One of the joys of being an ex-pat, owning a vacation home, living in a desirable destination location, etc. is the opportunity to have houseguests. This is usually a pleasing, rewarding experience and, in fact, is often one of the reasons for being where one is in the first place.

However, not all houseguests are created equal and while some bring pleasure others may deliver frustration and dysfunction, and who never seem to leave soon enough. (See clip below).

I thought it might be interesting to share some of those stories. We had a former neighbor in the US who, with his wife, was coming to France for a vacation in Burgundy and after that, they planned to see some elderly relative of a friend who lived in an EPHAD near us. We had offered an open invitation and they contacted us to say they were ready to take us up on the offer and stay with us for 3 nights. They are outwardly nice and we never had any problems when we lived a few houses down from them in the US. They are both retired, she is active in community affairs, and he is an avid amateur photographer. He had at least $50k worth of super-high-end digital equipment, Leica and Hasselblad.

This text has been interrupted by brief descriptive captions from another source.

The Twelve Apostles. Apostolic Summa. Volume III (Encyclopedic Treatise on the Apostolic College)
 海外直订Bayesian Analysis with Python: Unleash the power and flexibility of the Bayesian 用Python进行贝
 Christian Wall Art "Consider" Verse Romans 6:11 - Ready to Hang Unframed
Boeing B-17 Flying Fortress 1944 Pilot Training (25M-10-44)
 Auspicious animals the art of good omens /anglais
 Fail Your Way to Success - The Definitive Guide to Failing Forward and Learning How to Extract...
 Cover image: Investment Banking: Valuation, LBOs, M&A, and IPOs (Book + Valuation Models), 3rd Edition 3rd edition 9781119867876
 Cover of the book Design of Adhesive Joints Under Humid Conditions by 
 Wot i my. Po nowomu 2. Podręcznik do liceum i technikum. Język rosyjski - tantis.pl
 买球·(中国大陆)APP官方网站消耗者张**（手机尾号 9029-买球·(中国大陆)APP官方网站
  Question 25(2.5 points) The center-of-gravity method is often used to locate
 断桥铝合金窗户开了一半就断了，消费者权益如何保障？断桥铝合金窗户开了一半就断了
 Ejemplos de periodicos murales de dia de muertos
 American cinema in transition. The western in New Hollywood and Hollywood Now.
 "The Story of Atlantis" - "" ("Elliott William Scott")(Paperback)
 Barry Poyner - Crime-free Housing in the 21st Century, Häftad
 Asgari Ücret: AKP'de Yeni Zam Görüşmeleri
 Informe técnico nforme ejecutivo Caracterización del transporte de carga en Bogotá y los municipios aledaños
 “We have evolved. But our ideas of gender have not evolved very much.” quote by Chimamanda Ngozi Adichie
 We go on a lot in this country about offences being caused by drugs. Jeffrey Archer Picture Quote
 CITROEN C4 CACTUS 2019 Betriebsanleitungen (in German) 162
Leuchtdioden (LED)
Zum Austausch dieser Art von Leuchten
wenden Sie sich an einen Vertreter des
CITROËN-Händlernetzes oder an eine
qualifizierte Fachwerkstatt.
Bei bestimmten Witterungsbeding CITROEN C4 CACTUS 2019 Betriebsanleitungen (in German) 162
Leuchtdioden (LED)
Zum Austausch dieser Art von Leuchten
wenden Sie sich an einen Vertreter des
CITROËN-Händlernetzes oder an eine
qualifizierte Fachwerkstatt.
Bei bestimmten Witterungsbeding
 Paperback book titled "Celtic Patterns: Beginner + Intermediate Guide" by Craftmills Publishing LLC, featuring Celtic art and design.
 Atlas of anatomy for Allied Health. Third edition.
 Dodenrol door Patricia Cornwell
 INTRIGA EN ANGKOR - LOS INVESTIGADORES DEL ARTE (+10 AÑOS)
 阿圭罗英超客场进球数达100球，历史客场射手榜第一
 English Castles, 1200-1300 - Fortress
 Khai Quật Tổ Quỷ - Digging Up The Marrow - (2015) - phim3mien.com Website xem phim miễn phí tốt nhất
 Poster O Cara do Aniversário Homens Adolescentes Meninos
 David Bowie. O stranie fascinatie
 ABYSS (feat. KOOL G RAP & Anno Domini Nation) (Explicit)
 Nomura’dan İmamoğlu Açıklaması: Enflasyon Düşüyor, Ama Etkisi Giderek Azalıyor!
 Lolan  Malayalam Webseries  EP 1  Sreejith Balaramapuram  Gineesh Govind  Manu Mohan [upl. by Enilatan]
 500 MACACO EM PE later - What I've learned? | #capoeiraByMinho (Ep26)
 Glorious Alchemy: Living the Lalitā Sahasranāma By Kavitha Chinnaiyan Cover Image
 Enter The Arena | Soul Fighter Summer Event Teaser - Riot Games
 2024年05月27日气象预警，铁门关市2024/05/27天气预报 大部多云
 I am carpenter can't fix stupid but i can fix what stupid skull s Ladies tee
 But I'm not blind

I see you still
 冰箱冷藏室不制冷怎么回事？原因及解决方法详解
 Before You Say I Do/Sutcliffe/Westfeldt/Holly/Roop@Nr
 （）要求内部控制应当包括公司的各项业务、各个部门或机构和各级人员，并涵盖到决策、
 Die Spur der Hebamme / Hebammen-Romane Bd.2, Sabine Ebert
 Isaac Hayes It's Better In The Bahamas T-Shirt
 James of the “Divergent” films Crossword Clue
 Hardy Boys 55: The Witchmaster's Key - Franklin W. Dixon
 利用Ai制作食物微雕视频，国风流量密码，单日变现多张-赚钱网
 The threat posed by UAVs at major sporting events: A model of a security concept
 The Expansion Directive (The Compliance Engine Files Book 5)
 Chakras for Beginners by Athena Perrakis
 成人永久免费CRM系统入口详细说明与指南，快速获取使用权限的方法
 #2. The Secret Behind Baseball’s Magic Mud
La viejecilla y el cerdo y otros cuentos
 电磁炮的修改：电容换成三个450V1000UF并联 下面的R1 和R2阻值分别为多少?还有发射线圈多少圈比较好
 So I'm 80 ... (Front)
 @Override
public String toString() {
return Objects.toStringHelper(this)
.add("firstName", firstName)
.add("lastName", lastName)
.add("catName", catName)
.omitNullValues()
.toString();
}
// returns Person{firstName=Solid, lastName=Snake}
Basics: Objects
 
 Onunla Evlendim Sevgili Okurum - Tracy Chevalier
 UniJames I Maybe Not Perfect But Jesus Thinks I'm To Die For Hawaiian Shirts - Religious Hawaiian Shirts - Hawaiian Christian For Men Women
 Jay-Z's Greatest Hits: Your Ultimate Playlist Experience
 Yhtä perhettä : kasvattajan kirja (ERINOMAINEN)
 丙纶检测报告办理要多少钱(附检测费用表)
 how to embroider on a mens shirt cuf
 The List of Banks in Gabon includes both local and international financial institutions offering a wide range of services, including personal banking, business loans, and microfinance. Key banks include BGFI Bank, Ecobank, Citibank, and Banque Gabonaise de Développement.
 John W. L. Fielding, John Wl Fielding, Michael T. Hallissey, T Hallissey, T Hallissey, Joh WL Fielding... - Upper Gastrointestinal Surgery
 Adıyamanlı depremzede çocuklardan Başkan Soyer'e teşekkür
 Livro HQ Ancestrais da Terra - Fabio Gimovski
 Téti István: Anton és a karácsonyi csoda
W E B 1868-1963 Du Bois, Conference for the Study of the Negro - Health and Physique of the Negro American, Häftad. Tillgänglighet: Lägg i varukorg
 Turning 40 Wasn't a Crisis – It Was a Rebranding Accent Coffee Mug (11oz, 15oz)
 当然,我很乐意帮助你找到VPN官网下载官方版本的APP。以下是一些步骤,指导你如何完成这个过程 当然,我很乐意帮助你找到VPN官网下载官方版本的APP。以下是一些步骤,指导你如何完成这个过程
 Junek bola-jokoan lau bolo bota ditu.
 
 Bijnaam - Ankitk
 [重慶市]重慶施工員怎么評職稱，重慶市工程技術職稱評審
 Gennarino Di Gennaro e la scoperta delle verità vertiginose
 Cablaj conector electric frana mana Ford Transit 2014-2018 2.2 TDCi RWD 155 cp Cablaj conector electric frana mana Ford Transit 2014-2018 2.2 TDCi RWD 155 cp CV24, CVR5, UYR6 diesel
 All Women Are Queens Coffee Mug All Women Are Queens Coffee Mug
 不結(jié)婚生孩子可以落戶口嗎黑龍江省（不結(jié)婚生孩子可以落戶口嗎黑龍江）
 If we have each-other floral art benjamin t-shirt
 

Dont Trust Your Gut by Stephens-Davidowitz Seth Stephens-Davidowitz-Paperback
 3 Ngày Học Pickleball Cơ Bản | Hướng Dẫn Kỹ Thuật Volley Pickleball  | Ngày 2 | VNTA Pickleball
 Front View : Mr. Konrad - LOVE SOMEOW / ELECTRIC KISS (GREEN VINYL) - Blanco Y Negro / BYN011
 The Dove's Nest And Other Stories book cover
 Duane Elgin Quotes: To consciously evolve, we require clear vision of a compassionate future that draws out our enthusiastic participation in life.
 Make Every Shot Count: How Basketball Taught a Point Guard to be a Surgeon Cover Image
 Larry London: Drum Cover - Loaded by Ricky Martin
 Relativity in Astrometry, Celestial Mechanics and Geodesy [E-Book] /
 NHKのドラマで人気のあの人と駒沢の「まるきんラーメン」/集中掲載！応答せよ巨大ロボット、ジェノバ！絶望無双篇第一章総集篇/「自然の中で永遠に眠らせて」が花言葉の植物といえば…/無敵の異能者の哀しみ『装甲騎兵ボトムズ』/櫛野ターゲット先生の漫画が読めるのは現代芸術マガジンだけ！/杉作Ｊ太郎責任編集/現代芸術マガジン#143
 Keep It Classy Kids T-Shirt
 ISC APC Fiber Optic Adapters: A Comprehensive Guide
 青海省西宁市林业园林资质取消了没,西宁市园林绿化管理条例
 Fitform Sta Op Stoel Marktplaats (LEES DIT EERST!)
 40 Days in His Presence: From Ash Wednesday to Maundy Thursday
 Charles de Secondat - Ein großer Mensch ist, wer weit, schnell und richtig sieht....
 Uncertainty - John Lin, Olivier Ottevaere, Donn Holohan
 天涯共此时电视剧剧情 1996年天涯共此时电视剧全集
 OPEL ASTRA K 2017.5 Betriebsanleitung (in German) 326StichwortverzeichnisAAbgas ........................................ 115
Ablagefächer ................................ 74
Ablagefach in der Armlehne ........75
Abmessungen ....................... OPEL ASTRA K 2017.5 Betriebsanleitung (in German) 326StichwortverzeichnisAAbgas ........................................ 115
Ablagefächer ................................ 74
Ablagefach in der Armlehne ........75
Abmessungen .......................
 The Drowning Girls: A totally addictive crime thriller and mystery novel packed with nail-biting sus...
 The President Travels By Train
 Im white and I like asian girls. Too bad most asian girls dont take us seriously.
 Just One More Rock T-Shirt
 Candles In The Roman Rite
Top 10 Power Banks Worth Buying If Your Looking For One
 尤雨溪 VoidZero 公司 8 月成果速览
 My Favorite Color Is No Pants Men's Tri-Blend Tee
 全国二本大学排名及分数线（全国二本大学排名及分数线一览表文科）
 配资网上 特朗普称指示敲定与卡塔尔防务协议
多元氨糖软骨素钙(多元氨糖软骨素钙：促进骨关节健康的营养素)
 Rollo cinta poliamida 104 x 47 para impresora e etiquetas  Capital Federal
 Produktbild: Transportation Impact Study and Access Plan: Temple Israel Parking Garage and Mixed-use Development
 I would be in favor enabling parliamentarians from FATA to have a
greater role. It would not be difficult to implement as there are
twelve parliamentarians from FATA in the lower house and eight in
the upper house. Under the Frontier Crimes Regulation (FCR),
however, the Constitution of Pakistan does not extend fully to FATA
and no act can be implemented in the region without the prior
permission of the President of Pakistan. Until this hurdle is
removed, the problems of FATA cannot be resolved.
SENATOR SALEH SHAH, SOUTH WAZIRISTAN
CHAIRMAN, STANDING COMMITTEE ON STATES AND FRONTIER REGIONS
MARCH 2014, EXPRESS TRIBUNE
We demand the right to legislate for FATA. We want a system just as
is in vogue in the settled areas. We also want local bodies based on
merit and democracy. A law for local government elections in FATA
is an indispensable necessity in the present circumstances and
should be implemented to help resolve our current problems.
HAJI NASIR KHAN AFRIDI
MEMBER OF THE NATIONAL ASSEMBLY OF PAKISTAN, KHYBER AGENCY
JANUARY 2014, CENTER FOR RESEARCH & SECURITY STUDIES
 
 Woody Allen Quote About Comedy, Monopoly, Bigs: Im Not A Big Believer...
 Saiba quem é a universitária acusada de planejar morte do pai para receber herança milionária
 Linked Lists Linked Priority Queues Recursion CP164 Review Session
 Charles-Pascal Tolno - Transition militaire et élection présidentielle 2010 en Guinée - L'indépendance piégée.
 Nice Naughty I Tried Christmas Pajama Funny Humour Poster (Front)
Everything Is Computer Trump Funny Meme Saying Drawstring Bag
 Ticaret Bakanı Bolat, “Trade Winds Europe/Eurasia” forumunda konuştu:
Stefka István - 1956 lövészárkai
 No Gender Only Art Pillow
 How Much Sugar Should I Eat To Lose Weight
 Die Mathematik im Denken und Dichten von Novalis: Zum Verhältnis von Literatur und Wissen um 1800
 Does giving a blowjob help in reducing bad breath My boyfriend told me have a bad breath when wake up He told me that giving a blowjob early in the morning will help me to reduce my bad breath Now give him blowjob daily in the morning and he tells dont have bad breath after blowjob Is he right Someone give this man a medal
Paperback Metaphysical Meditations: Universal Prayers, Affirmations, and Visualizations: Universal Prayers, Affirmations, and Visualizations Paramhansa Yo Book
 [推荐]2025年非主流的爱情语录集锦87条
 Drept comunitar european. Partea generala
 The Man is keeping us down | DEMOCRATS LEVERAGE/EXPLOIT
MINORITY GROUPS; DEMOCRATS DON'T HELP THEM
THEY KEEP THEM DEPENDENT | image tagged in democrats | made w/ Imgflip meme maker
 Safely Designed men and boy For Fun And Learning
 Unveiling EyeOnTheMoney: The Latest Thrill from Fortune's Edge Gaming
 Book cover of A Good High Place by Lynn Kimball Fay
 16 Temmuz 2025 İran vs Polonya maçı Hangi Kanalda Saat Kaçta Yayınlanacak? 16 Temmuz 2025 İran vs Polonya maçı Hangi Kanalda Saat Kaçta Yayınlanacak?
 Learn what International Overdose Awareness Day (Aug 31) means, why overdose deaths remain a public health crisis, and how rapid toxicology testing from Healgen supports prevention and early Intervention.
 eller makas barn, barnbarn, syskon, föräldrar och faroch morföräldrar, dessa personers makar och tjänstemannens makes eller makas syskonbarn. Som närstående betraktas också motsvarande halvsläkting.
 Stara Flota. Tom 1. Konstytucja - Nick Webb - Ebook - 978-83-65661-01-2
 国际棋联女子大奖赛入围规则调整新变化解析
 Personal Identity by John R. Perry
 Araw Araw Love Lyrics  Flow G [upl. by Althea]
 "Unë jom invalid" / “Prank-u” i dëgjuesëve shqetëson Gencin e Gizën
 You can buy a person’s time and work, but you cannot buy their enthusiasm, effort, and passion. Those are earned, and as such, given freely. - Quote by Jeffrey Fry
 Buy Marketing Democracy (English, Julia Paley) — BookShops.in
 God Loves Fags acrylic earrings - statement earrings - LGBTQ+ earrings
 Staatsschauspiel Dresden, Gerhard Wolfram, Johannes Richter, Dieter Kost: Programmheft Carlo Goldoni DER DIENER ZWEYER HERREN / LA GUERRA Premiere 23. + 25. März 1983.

As soon as they arrived we suspected trouble, they had already scheduled every minute except for the last evening. It was obvious we were just providing a room. They also immediately told us we needed to upgrade our internal stairs (300+ year-old house).

For two mornings we fetched viennoiserie from the local bakery and served coffee (we have a commercial espresso setup and he is also into coffee). They then disappeared out the door laden with cameras and photo equipment, not to be seen again until well after dark (it was summer, so dark was quite late. As they were leaving on their last full day, we reminded them that we would be making pizza (wood oven) and dinner would be at 20h00 so they should be back around 19h00 for aperos. We spent the day getting the oven fired, it takes a couple of hours to get to a good, hot, stable temperature, making dough, chopping toppings, etc.

19h00, no guests, no word (he had a phone), 20h00, same, finally they arrived back around 21h00. They offered the following apology. They knew we were into coffee and wanted to get us a small house gift, a coffee tamper. So, they had headed off to a town an hour from here to some store he decided would be better than the nearby shops. They then got lost (he had a GPS) and when they finally found the shop it was closed, so they didn't buy a gift. We were more than a bit miffed, and really didn't believe their story, but there was no point in getting uptight about it, and we had a nice, albeit late, dinner (at least the wine had a good chance to breathe). They left the next morning.

Now, if that was the end of the story, it would not have been all that remarkable. However, about a month later I received an email from him saying he was in the midst of updating his personal web page with photos and a report of their trip and he hadn't taken any photos of us or our place. None! On reflection, that was true, we just hadn't noticed it. But, the upshot was, he wanted to know if we had some pictures of our house so he could put them on his page to show off where they had stayed to friends and family.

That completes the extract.